Yes that's what I've been doing, however the saddle is as far back as it can go for this string and it is still too high on the fretted note.
#4
Quote by stonyman65
adjust intonation at the bridge. Changing strings will have no effect on intonation, unless you are changing the gauge. There should be little screws near the string saddle that lets you move that saddle backwards or forwards.

Lol, did you even read the message? It was clearly stated that the saddle is already as far back as it goes.

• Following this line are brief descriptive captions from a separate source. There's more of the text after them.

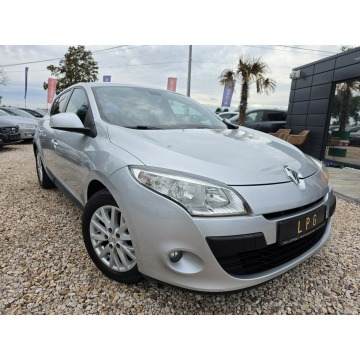 Renault Megane  Hatchback 2011,  2.0 benzyna+LPG, automat - Na sprzedaż za 15 999 zł - Nowe Sójki - zdjęcie 3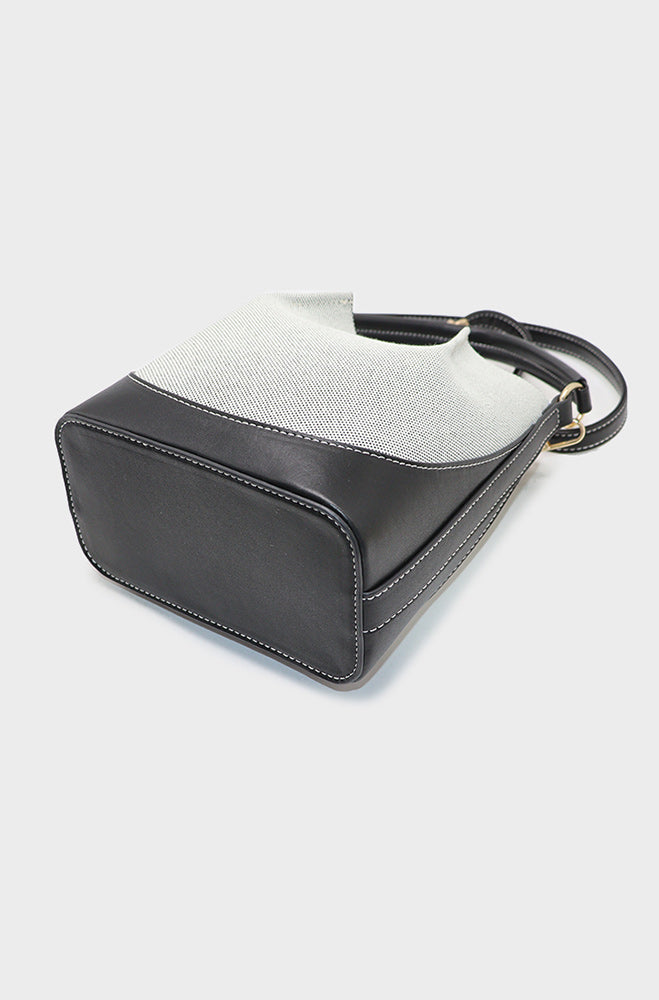 STACY BUCKET BAG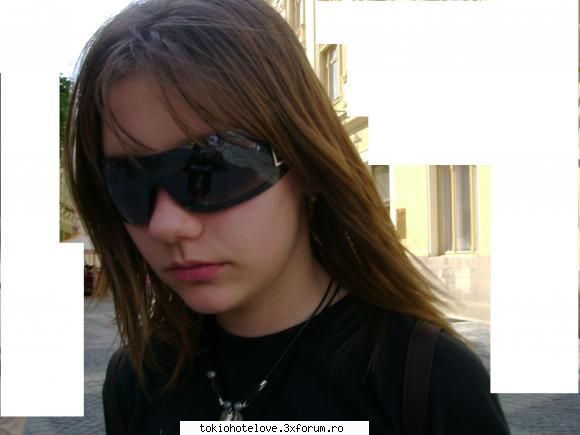 nu pot sa poon pooze mai mari de 2 
kb sau mb...in fine...mai incerc despre voi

As for the actual problem, I'm sorry, I don't know a specific cure - it happens to me occasionally, as well. Having the overall setup done well might help - see that the truss rod is adjusted correctly and that the nut is properly cut for your string gauge. Putting on thicker strings - like the beefy slinkys - may well help, as I think a .10-.52 is too light for D standard.
Gear:

Guitars: Ibanez SV5470F, Ibanez Xpt700, Fender MIM Standard Stratocaster ('04-'05), Jackson Ps-2
Ashton AG200,
Amps: ENGL E530, Bugera 6262-212,
FX: TC Electronics G-major 2, Behringer EQ700, Morley Volume / Wah
#5
Probably need to fiddle with your truss rod. Make sure to read about how to do it before doing it. You can seriously mess up your neck.